• _TASK PROMPT_: Your output should be exactly the lines from the one containing "Best Sleeveless Drop" through the final line of the records, both included, with every picture left out.

** INFORMATION SUPPLIED follows **

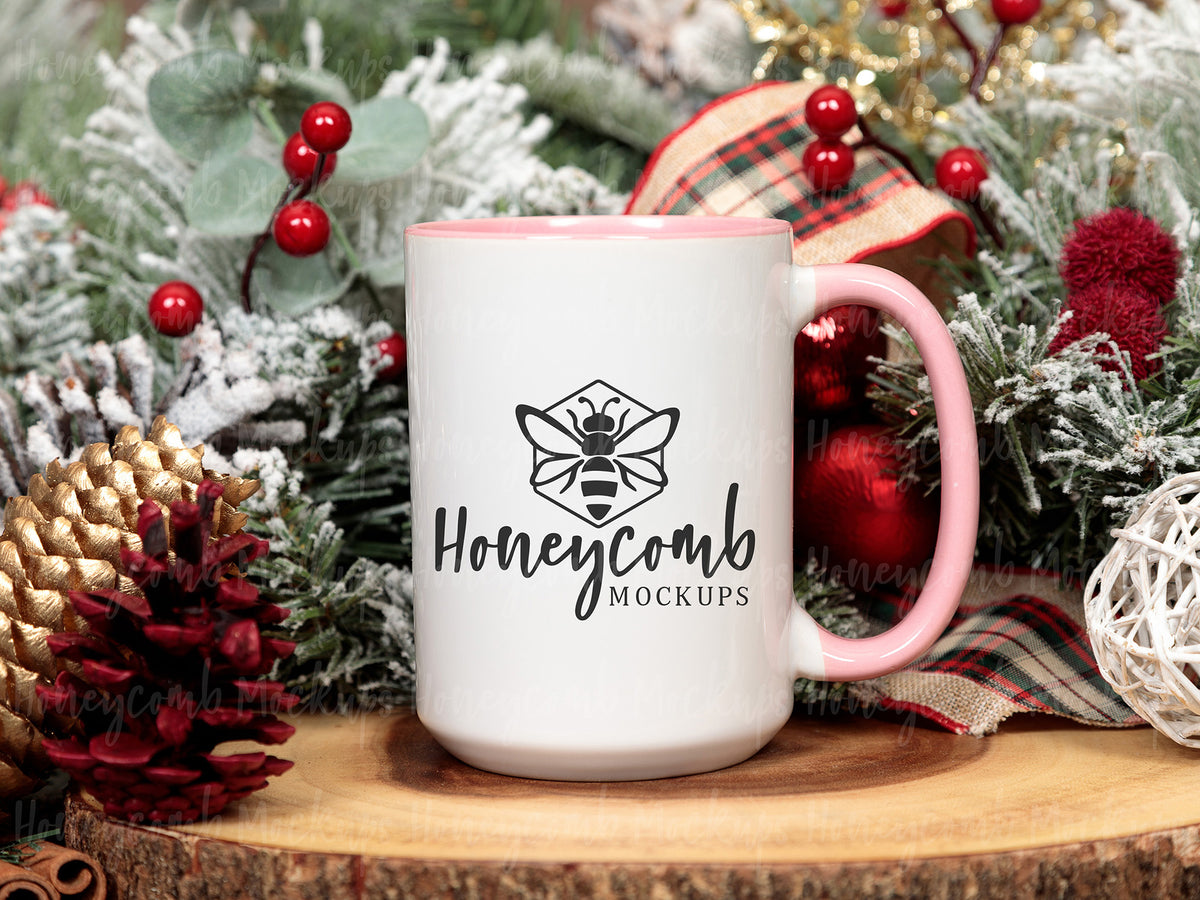 15 Ounce Accent Mug | White/Pink | Christmas | SKU2561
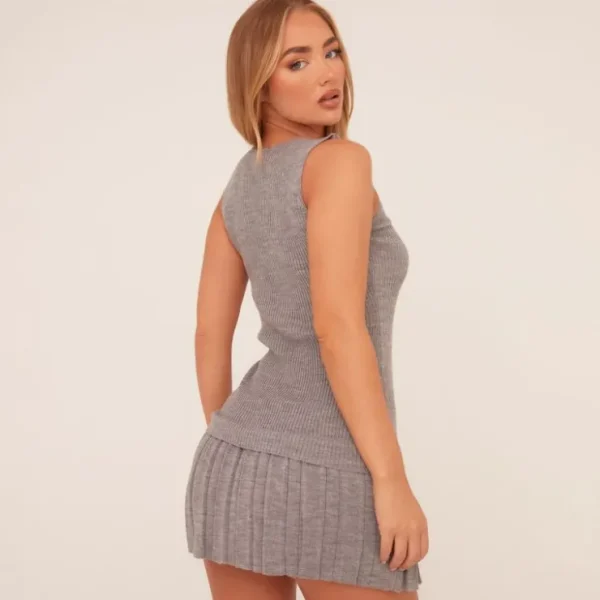 Best Sleeveless Drop Waist Pleated Hem Micro Mini Dress In Going Out Knitwear | Mini Dresses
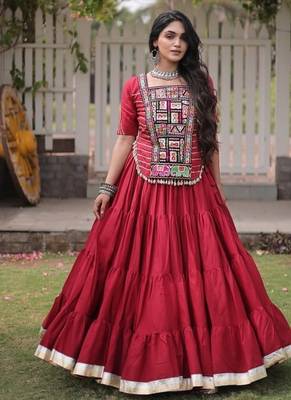Women's Cora Cotton With Attractive Standard Frill stitching FULLY FLAIR LEHENGA - free size 2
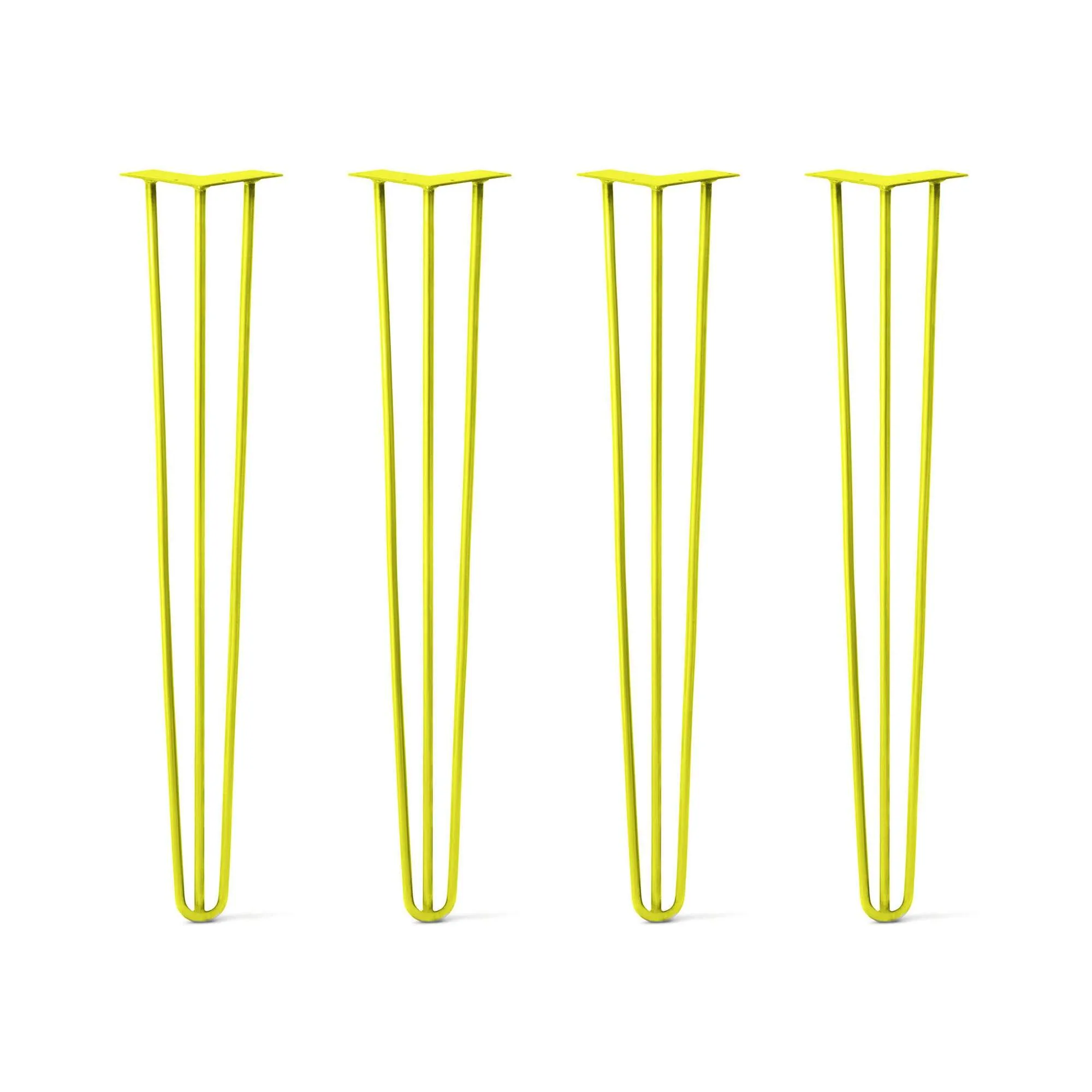 Hairpin Legs Set of 4, 3-Rod Design - Yellow Powder Coated Finish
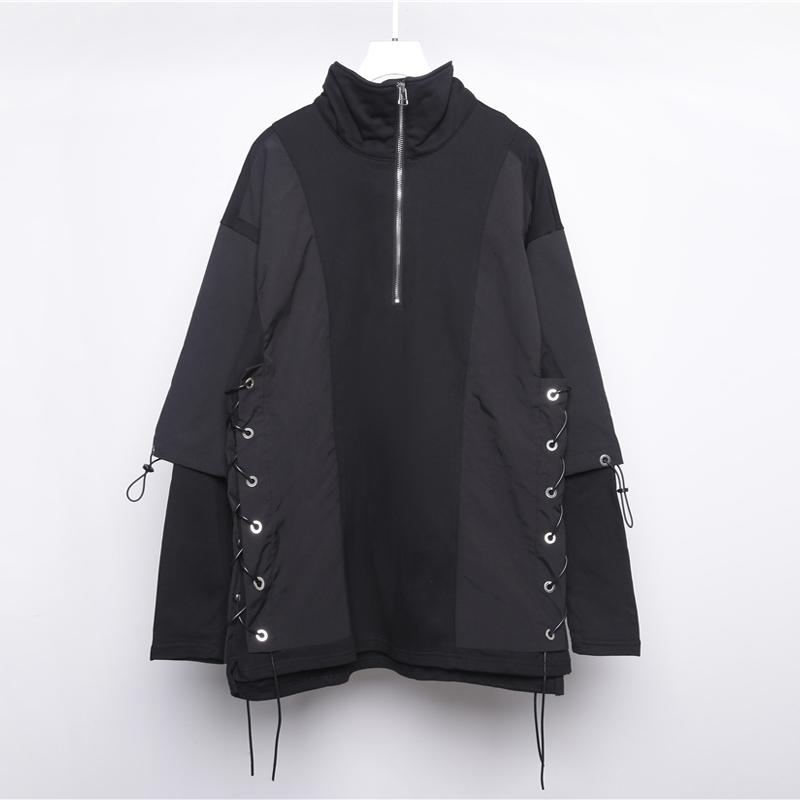 メンズ ファッション 服 男性用 オシャレ シンプル 大人 かっこいい 大きいサイズ ストリート 紳士服 秋 ダーク ストリート ファッション フェイク ツーピース ステッチ タートルネック トレーナー ジャケット｜リコット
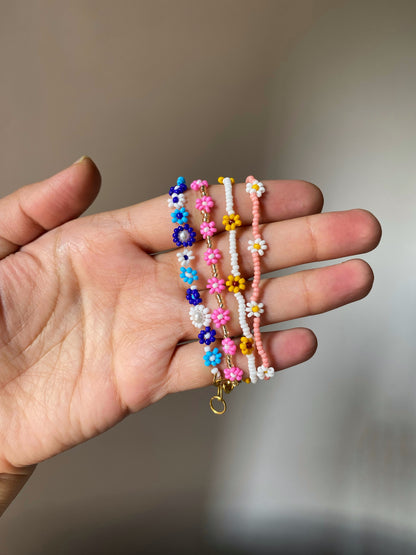 BEADED FLOWER DESIGNS - BRACELET - NECKLACE - ANKLET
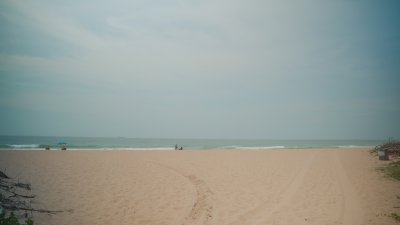Umhlanga beach with perfect sand and cloudy sky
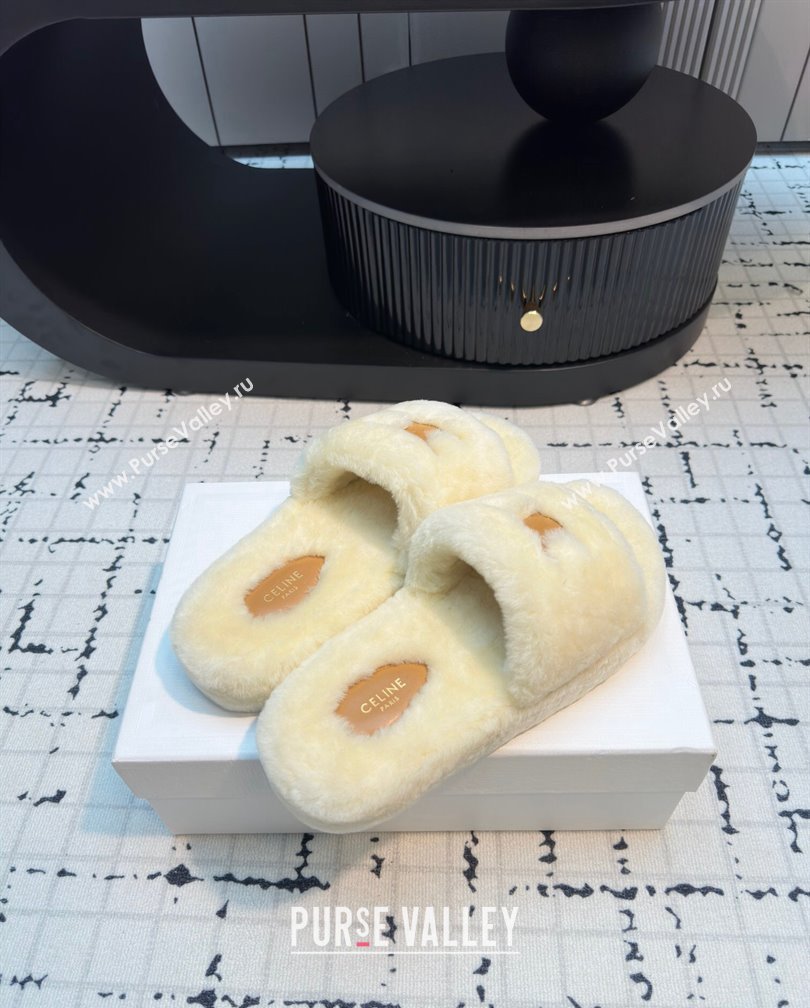 Celine Wool Flat Slides Sandal with Wide Strap Beige 2024 1112 (KL-241112065)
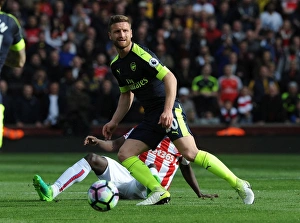 Stoke City V Arsenal 2016-17 Prints: Shkodran Mustafi in Action: Stoke City vs Arsenal, Premier League 2016-17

** End of INFORMATION SUPPLIED **

• _SOLUTION FOR THIS PROBLEM_:
 Best Sleeveless Drop Waist Pleated Hem Micro Mini Dress In Going Out Knitwear | Mini Dresses
Women's Cora Cotton With Attractive Standard Frill stitching FULLY FLAIR LEHENGA - free size 2
 Hairpin Legs Set of 4, 3-Rod Design - Yellow Powder Coated Finish
 メンズ ファッション 服 男性用 オシャレ シンプル 大人 かっこいい 大きいサイズ ストリート 紳士服 秋 ダーク ストリート ファッション フェイク ツーピース ステッチ タートルネック トレーナー ジャケット｜リコット
 BEADED FLOWER DESIGNS - BRACELET - NECKLACE - ANKLET
Umhlanga beach with perfect sand and cloudy sky
 Celine Wool Flat Slides Sandal with Wide Strap Beige 2024 1112 (KL-241112065)
 Stoke City V Arsenal 2016-17 Prints: Shkodran Mustafi in Action: Stoke City vs Arsenal, Premier League 2016-17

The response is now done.